- STORED DATA:
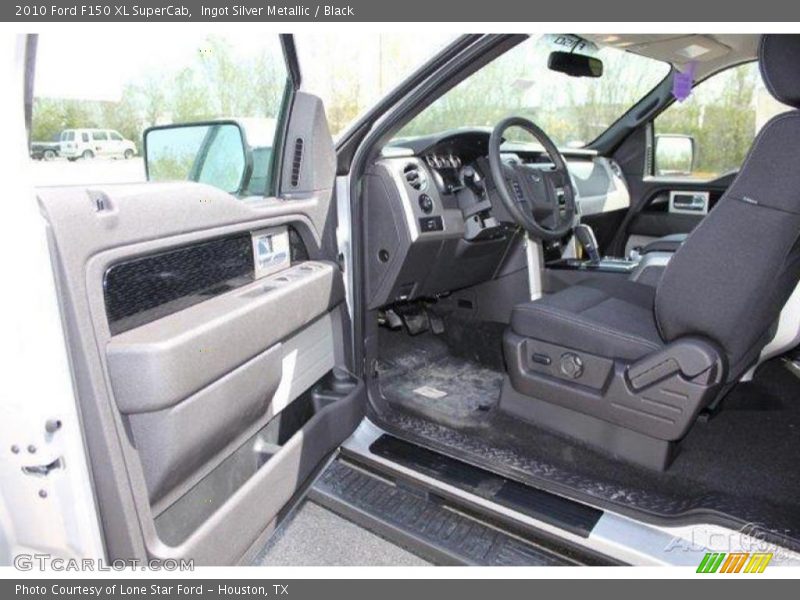 Ingot Silver Metallic / Black 2010 Ford F150 XL SuperCab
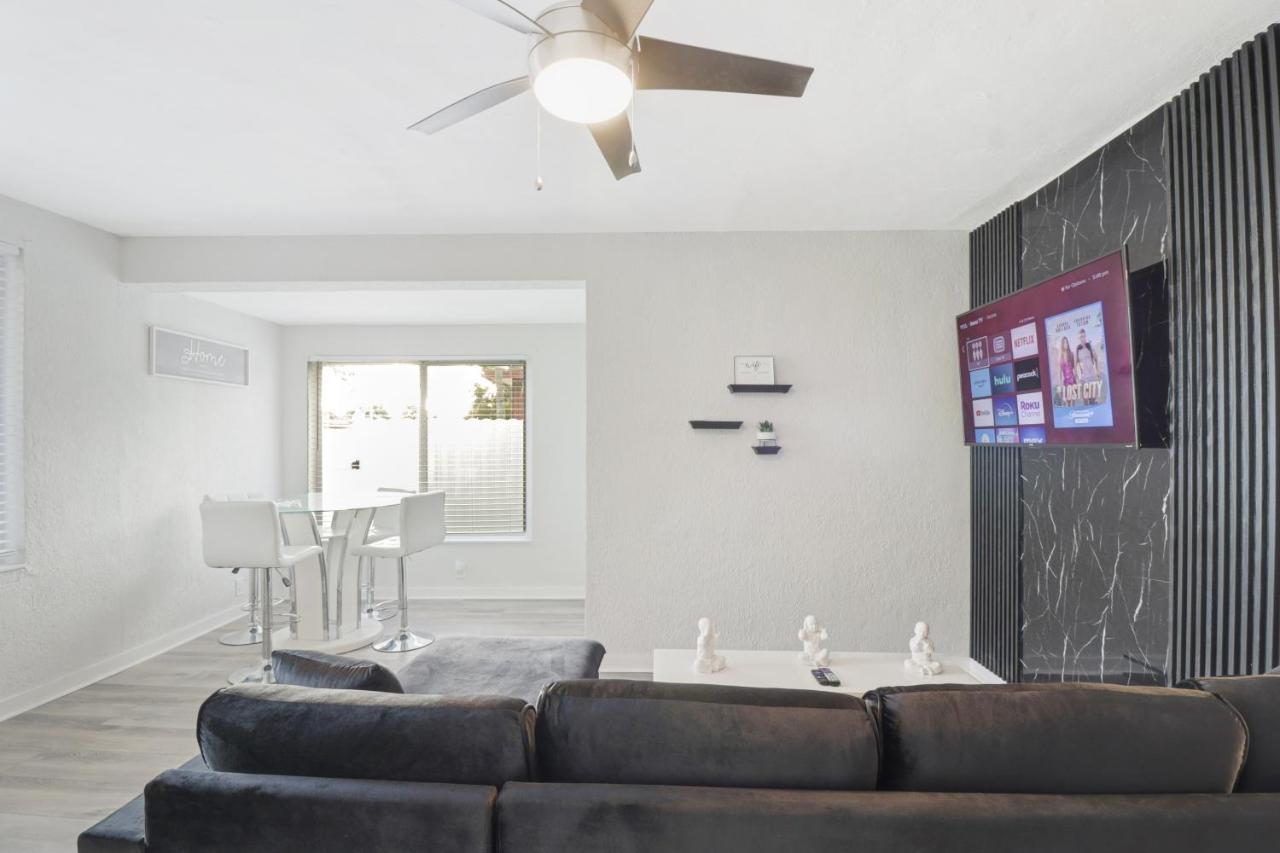 Spacious And Luxurious Home Centrally Located Between Miami And Ft. Lauderdale Miramar Exterior foto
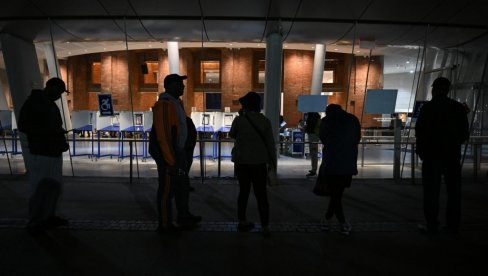 DRŽAVNI SEKRETAR DŽORDŽIJE: Glasanje prekinuto zbog ruskih pretnji bombom DRŽAVNI SEKRETAR DŽORDŽIJE: Glasanje prekinuto zbog ruskih pretnji bombom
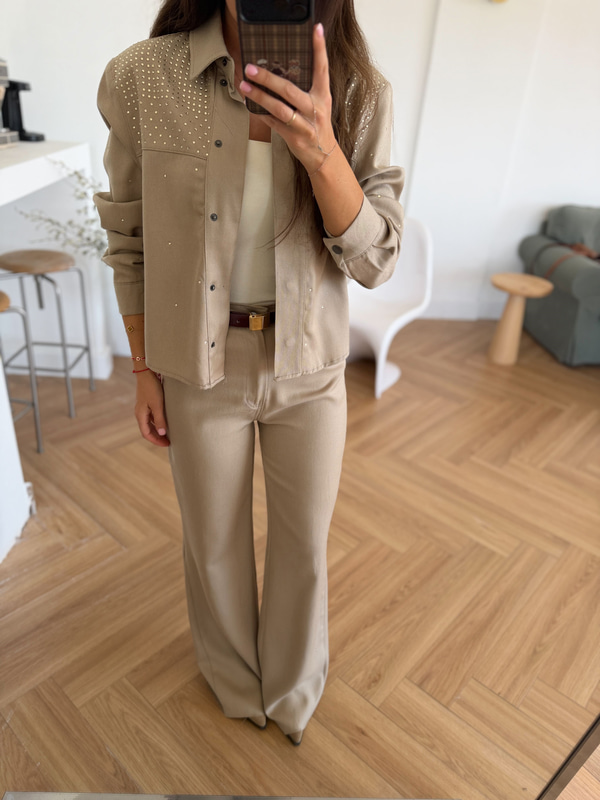 Gömleği Taş İşlemeli Bej Gabardin Takım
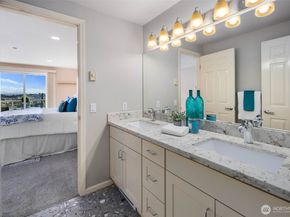 559 McGraw Street 402, Seattle WA 98109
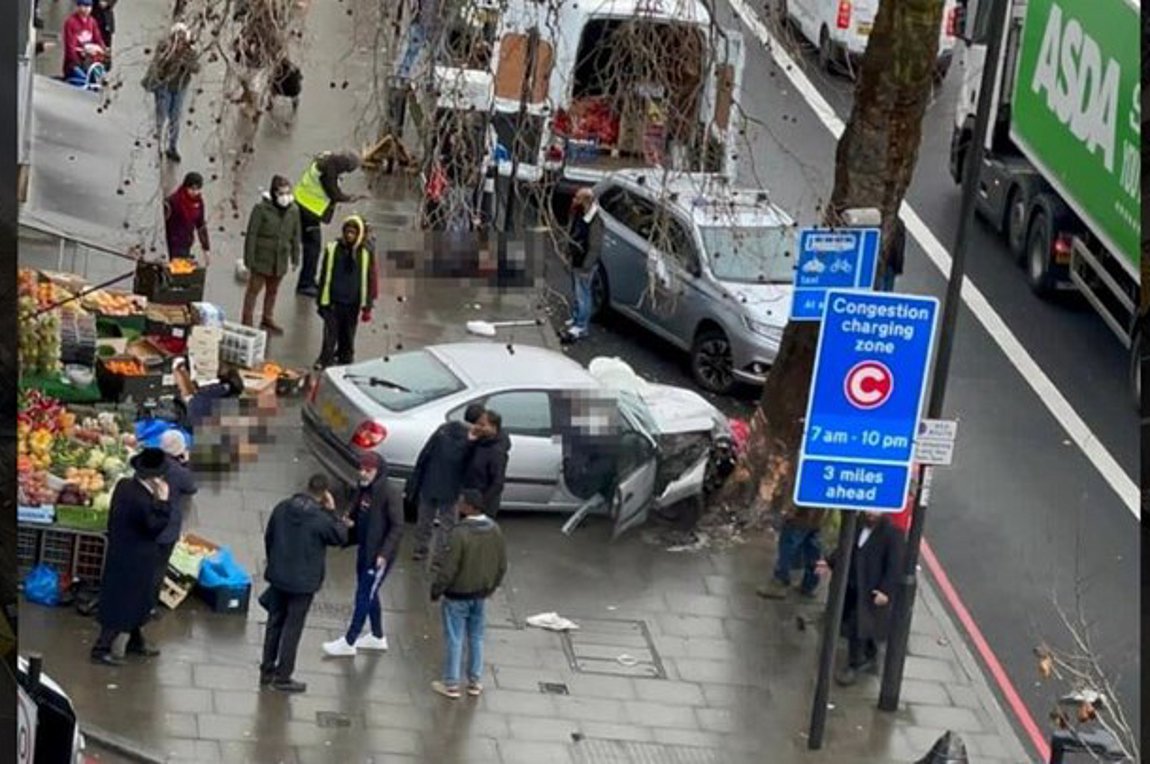 Λονδίνο: Αυτοκίνητο έπεσε πάνω σε πεζούς – Αναφορές για πολλούς τραυματίες – ΦΩΤΟ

- ASSIGNMENT:
Write out only the lines from the line containing "Spacious And Luxurious" through the end of the material above, both end lines included. Pictures are not written out.

- RESULT OF THE EXERCISE:
 Spacious And Luxurious Home Centrally Located Between Miami And Ft. Lauderdale Miramar Exterior foto
 DRŽAVNI SEKRETAR DŽORDŽIJE: Glasanje prekinuto zbog ruskih pretnji bombom DRŽAVNI SEKRETAR DŽORDŽIJE: Glasanje prekinuto zbog ruskih pretnji bombom
 Gömleği Taş İşlemeli Bej Gabardin Takım
 559 McGraw Street 402, Seattle WA 98109
 Λονδίνο: Αυτοκίνητο έπεσε πάνω σε πεζούς – Αναφορές για πολλούς τραυματίες – ΦΩΤΟ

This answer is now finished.